Re: Universal Translation Language
From: | Charles <catty@...> |
Date: | Monday, May 31, 1999, 13:32 |
Joshua Shinavier wrote:
>
> Charles wrote:
> > In my experiments it seems impossible to have part-of-speech terminal
> > vowels and SVO order without eventually gravitating to adjective-noun.
>
> Aroven uses terminal vowels and -VC suffixes for all parts of speech
> except the subject (although the subject often gets a suffix as well,
> 'specially if it's plural, or has an article, etc.) and is firmly
> noun-adjective.
> In my language, adjective-noun seems very awkward, so I'm wondering how
> you came to the above conclusion!
Genitive chains, e.g. "the king's messenger's horse's hoof's shoe's nail"

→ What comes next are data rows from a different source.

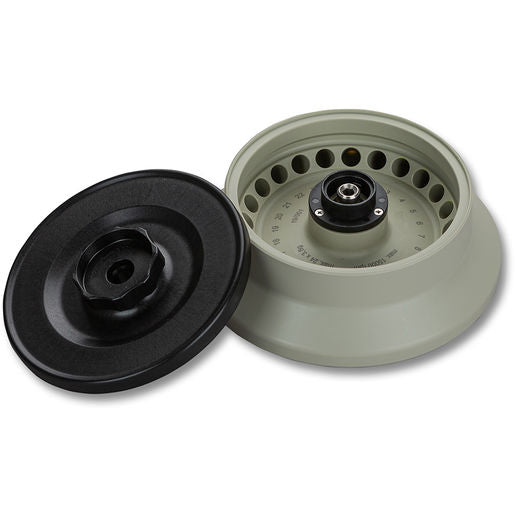 Ohaus 30210898 Angle Rotor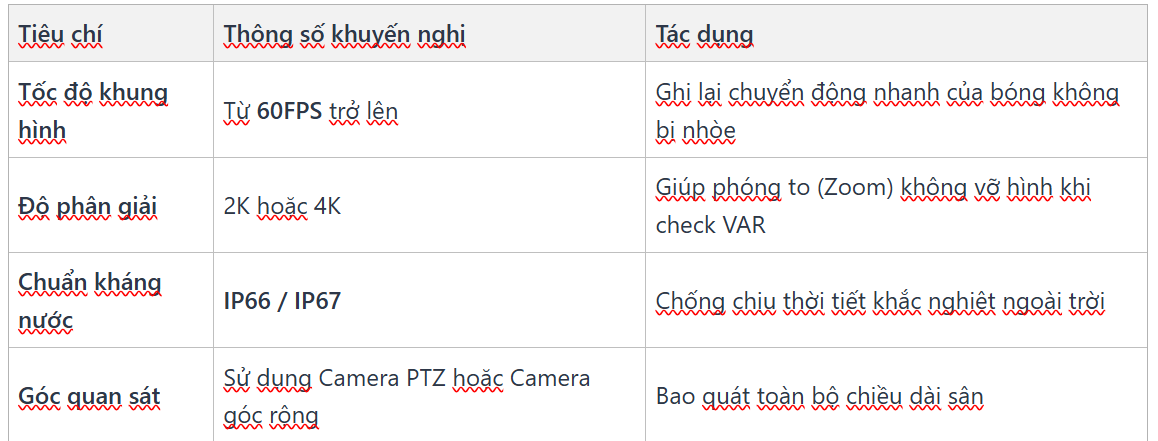 8f76969918d28a8d1b55.png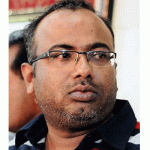 Hyderabad court sentences gangster Suri's murderer to life imprisonment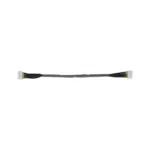 Bambu Lab LOGO LED cable- X1,X1C,X1E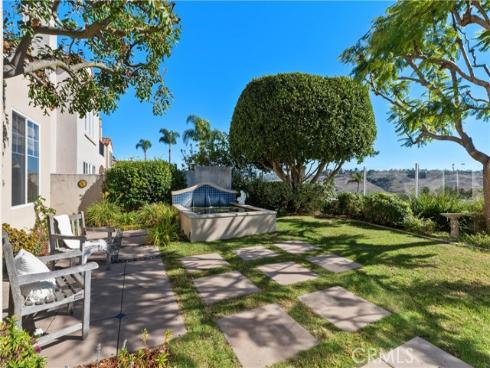 8  Chantonnay  , Laguna Niguel, CA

vs. "nail of shoe of hoof of horse of messenger of king". I like the 1st,
can't tolerate the 2nd, so it has to be GN ... then that drags the
adjectives leftward as well, though some natlangs do have GN with NA order.
But I've been putting adjectives-with-objects to the right of the noun,
e.g. "bona minfemo vadia xolo = pretty little-girl going-to school",
which is likely incorrect or inoptimal in 12 different ways. Also
I end up compounding in modifier-modified order, maybe not so good.
It's a sort of relexed New Jersey 1960's English after all.